The dataset is provided as (1) zipped file of folders of pictures, which are frames of videos containing multiple actions and (2) a text label file providing mapping between picture names and action. So a prominent first step is to build a pipeline that can associate an action - as a sequence of contiguous frames - and a label.

Citation:
* title: View invariant human action recognition using histograms of 3D joints,
* author: Xia, L. and Chen, C.C. and Aggarwal, JK,
* booktitle: Computer Vision and Pattern Recognition Workshops (CVPRW), 2012 IEEE Computer Society Conference on,
 * pages={20--27},
 * year={2012},
 * organization={IEEE}
 
 
Ideas for improvements:
* data augmentation
* different features:
  * add/replace raw data with motion features (eg optical flow)
  * use a pre-trained pose estimation model for feature generation (https://gluon-cv.mxnet.io/build/examples_pose/demo_simple_pose.html)
  * other classification backbone?
* better temporal model (LSTM, conv, ...)
* pre-crop around the person with a detector

## Upload data

In [None]:
# download videoS
! wget http://cvrc.ece.utexas.edu/KinectDatasets/RGB.zip

In [None]:
# dowload labels
! wget http://cvrc.ece.utexas.edu/KinectDatasets/actionLabel.txt

In [None]:
! unzip RGB.zip

### Couple examples of records:

In [None]:
%matplotlib inline

from matplotlib import pyplot as plt
from mxnet import image, nd

plt.rcParams['figure.figsize'] = (15, 5)
plt.rcParams['font.size'] = 10

f, axarr = plt.subplots(1, 4)

for i, item in enumerate(['colorImg572.jpg', 'colorImg584.jpg', 'colorImg590.jpg', 'colorImg600.jpg']):
    
    axarr[i].imshow(image.imread('RGB/s01_e01/' + item).asnumpy())

In [None]:
f, axarr = plt.subplots(1, 4)

for i, item in enumerate(['colorImg2110.jpg','colorImg2118.jpg','colorImg2122.jpg','colorImg2128.jpg']):
    
    axarr[i].imshow(image.imread('RGB/s01_e01/' + item).asnumpy())

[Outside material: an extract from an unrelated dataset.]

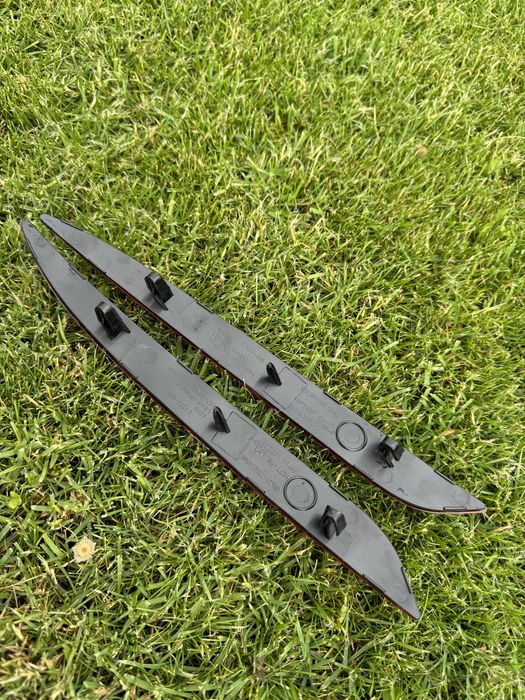 Відбивач (катафот) заднього бампера Tesla M3/МУ - 1077407-00-F,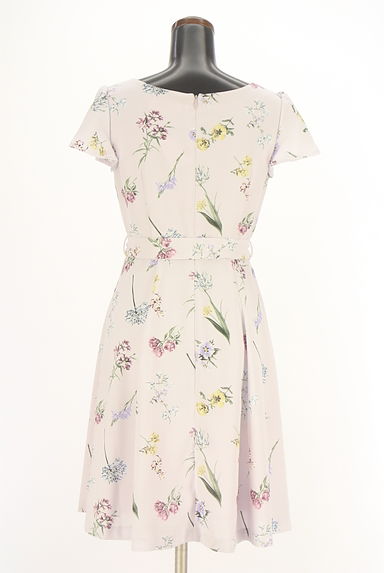 MISCH MASCH（ミッシュマッシュ）の古着「ベルト付き花柄膝丈フレアワンピース（ワンピース・チュニック）」大画像２へ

## Clean metadata and prepare dataset

we'll use the gluon approach, that creates a data pipeline with a `DataLoader` on top of a `Dataset`. The Dataset is a simple abstraction to carry records of arbitrary composition (could be some pandas, some numpy, some complex mix of text and images etc) and the `DataLoader` takes those `Dataset` records and moves them to the appropriate context, while doing transformations and batchification in the process.
https://mxnet.incubator.apache.org/versions/master/tutorials/gluon/datasets.html

Here, data is separated from its labels and the data grain in raw storage is not the same as the data grain we'd like to model so we need to do some pre-processing facilitate the creation of a `Dataset`

In [None]:
import json
import os
import random
import re
import readline

import mxnet as mx
from mxnet import gluon, image, nd, autograd
from mxnet.gluon import nn
from mxnet.gluon.data.vision import transforms
from mxnet.gluon.model_zoo import vision as models
import pandas as pd

We create a rich metadata `DataFrame` with labels and data details

In [None]:
f = open('actionLabel.txt')
lines = f.readlines()

In [None]:
with open('actionLabel.txt', 'r') as f:

    labels = []
    lines = f.readlines()

    for line in lines:
        line = line.rstrip()
        if line.startswith('s') and line.find('_') > -1:
            path = line
        else:
            if "NaN" in line or line == "":
                continue
            framestr = line[line.find(':')+1:].strip()
            start = int(framestr[:framestr.find(' ')])
            stop = int(framestr[framestr.find(' '):])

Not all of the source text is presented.